Would you print the lines below exactly, beginning at the line that has "TLOPA® Botox Bee Venom Firming Serum Stick" and stopping after the line that has "鄭州締萊美醫(yī)療美容醫(yī)院鼻部多項案例"? Only those lines, and no pictures.

Source records:
- Opening Delimiter -

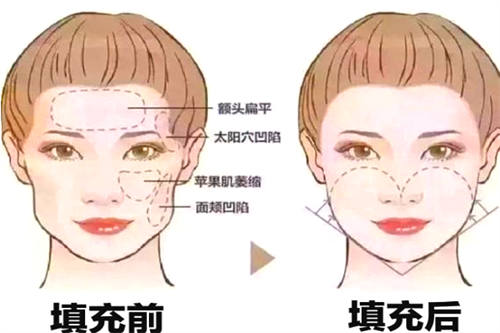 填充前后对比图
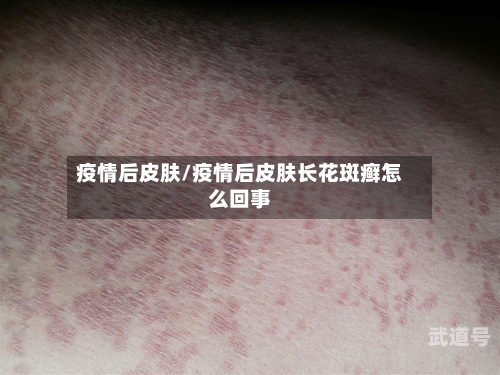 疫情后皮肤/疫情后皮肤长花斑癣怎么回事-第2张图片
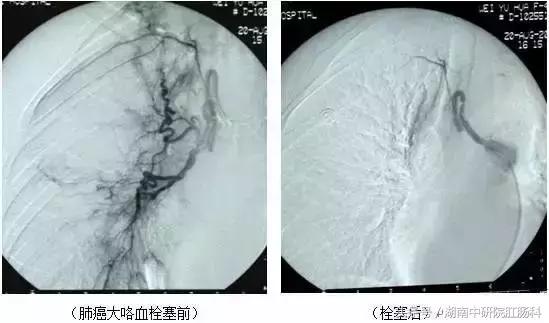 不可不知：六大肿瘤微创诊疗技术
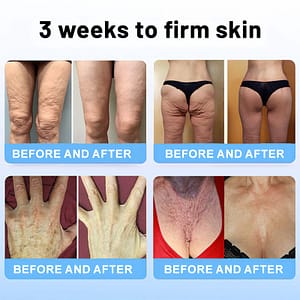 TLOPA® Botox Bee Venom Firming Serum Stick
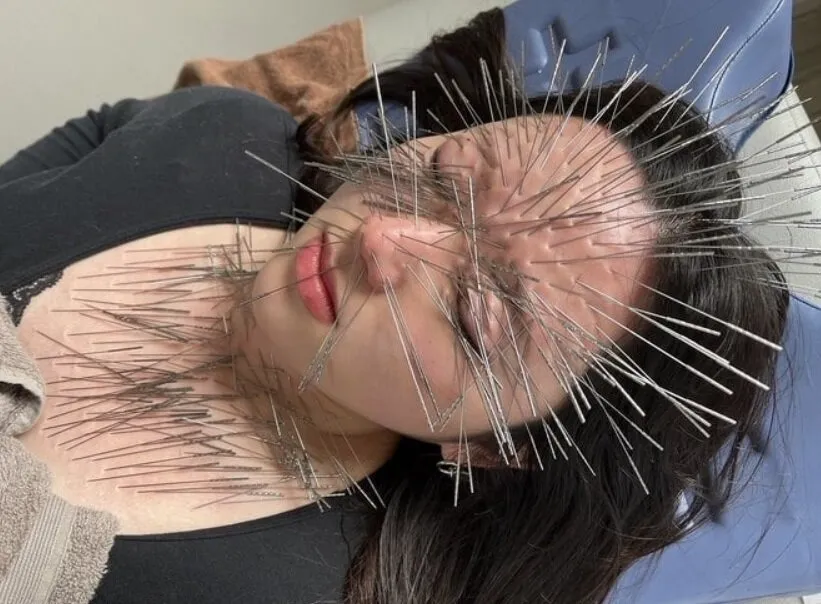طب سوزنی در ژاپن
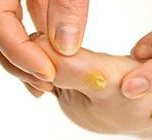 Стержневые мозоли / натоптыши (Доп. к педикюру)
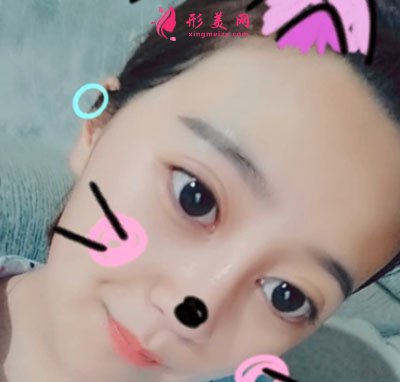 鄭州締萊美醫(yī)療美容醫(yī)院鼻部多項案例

- Closing Delimiter -
- Opening Delimiter -

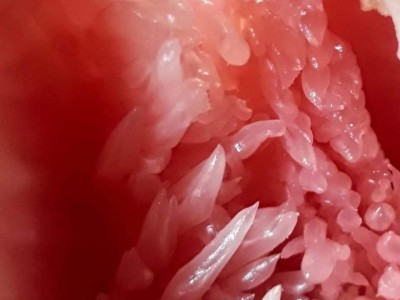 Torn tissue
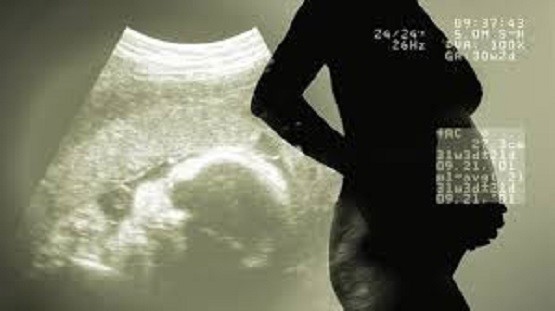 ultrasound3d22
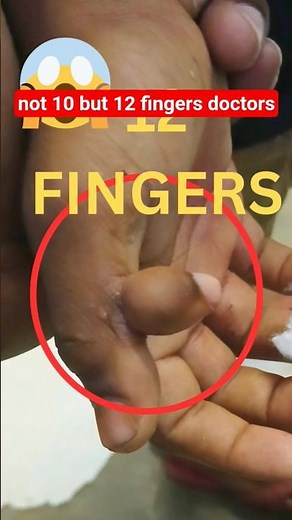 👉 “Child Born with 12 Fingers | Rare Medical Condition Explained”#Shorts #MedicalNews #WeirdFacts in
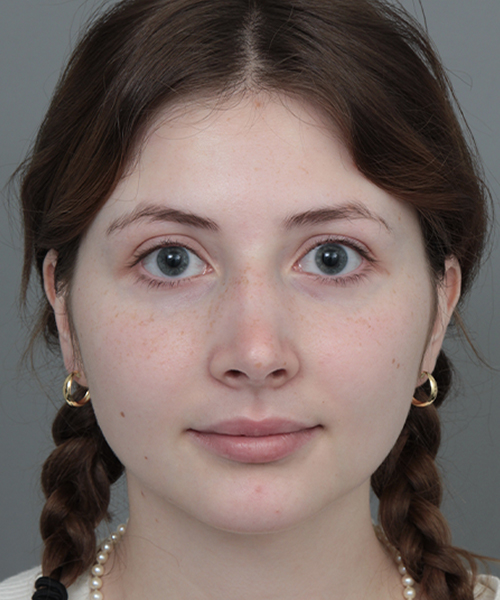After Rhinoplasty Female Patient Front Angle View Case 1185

- Closing Delimiter -

Exercise response:
 TLOPA® Botox Bee Venom Firming Serum Stick
طب سوزنی در ژاپن
 Стержневые мозоли / натоптыши (Доп. к педикюру)
 鄭州締萊美醫(yī)療美容醫(yī)院鼻部多項案例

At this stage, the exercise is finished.